Over time, Hiley, the show’s composer and lyricist, found himself drawn to Fleming’s life story. The Scottish physician treated soldiers during World War I, when the frontline treatment for infected wounds were harsh antiseptics that often did more harm than good. His discovery of bacteria-killing compounds later turned the once-shy scientist into an international celebrity.
The next version of the musical was a Fleming biopic for adults, which sold out runs at the Edinburgh Fringe Festival in 2018, Hiley says. A longer version of it went on tour to Washington, D.C., and Atlanta in 2022, supported in part by the nonprofit CDC Foundation.
But The Mould That Changed the World was still a story about the past. “Although it’s nice to tell Fleming’s story, his story ends in the 1950s. And [antimicrobial resistance] is really a contemporary story,” Hiley says. “So we decided to be brave and pull the whole thing apart and create this modern narrative.”
Lifeline’s present-day narrative follows a fictionalized group of friends whose lives are upended by an antibiotic-resistant infection. The story is intertwined with Fleming’s, which unfolds backward in time, starting with the golden age of antibiotics and ending in the dark days of WWI, leaving the audience with a stark impression of what we take for granted—and what we have to lose.
Throughout the two acts, the chorus of scientists and health care professionals deliver accounts of real-life cases of antibiotic-resistant infections. “We went out through all these networks and collected hundreds of people’s stories [about how] AMR has touched them,” Hiley says. Some of these tales end in recovery; some end in tragedy.
“For me, performing and telling those stories did not feel like acting,” says Michelle Chang, an infectious disease physician based in New York City and a member of the chorus. “It really just felt like I was sort of talking about my work, just on a different stage and to different people.”
Part of Chang’s work involves consulting with doctors to ensure they are prescribing the right antibiotics as part of her hospital’s antimicrobial stewardship program. Many of these programs have sprung up around the country in just the past 10 years. In 2014 only 41 percent of hospitals had comprehensive stewardship programs. By 2022, that number had shot up to 97 percent. These stewardship teams gather data on which resistant microbes are circulating in a hospital system and consult with doctors to help them treat specific patients while preventing the spread of resistance.
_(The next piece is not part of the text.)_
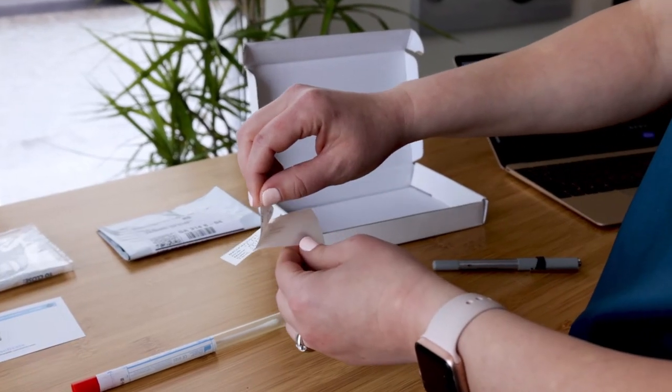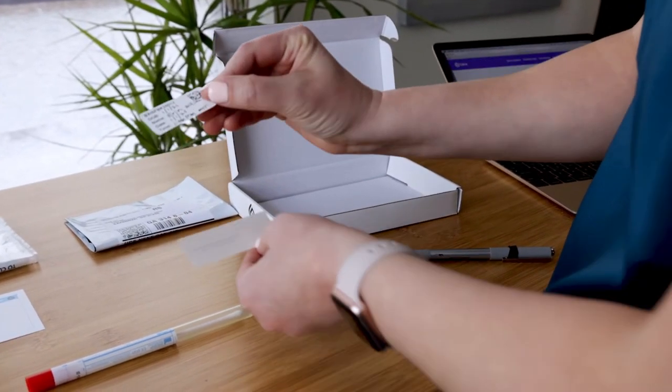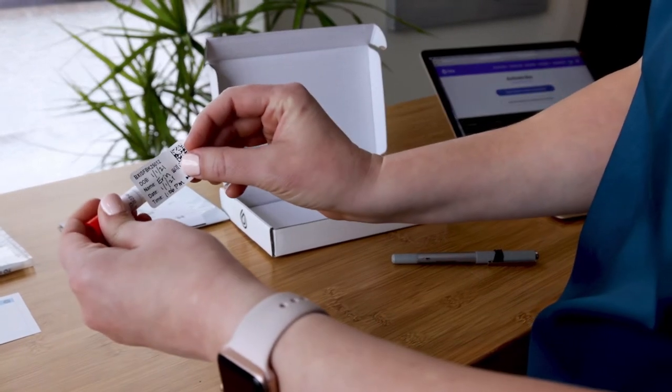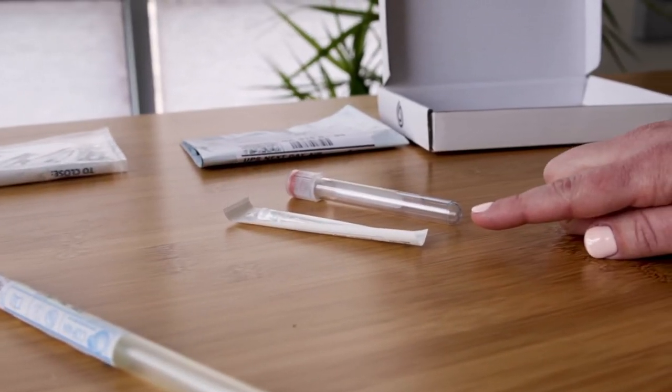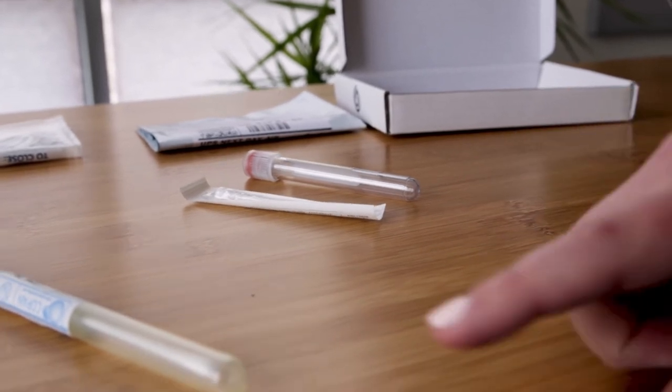In some cases, your identification label may already have your name and date of birth pre-printed. Once you've filled out the label, peel off the backing and place the label around the long side of the swab tube. For nasal swab collection, you may have received either a swab in a peel pouch or a swab inside a tube. Please determine which version you have and set it aside for now.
Still, this problem of growing resistance doesn’t have a simple solution. It’s a global crisis and one that most severely affects the communities with the fewest resources. Currently Pakistan is in the midst of an extremely drug-resistant typhoid outbreak. The outbreak is mostly linked to a lack of access to clean water and is primarily infecting children.
In writing the musical, “we were keen not to be saying, ‘This is what you must do,’” Hiley says. “That’s not necessarily up to us as the artists.”
Lifeline performers closed out the U.N. General Assembly’s meeting on AMR. They performed a Scottish-folk-music-inspired number that highlighted the urgent need for governments to make specific commitments to fight antimicrobial resistance. The gathering was one of three “High-Level” meetings at the 79th General Assembly this week; the other two tackled rising sea levels and nuclear disarmament.
Despite the musical’s dire message, it ends on a hopeful note. The chorus breaks the fourth wall, and its members introduces themselves to the audience and describe their work contributing to the crisis’s solution.
Initially, “I didn’t realize how impactful we are to the show,” says Farese, who studies lipid digestion in cells, which can be important for understanding how pathogens replicate. “Suddenly it goes from theater to reality. A lot of these people are really literally on the front lines of this stuff. I think that’s very powerful. I teared up the first time I saw it.”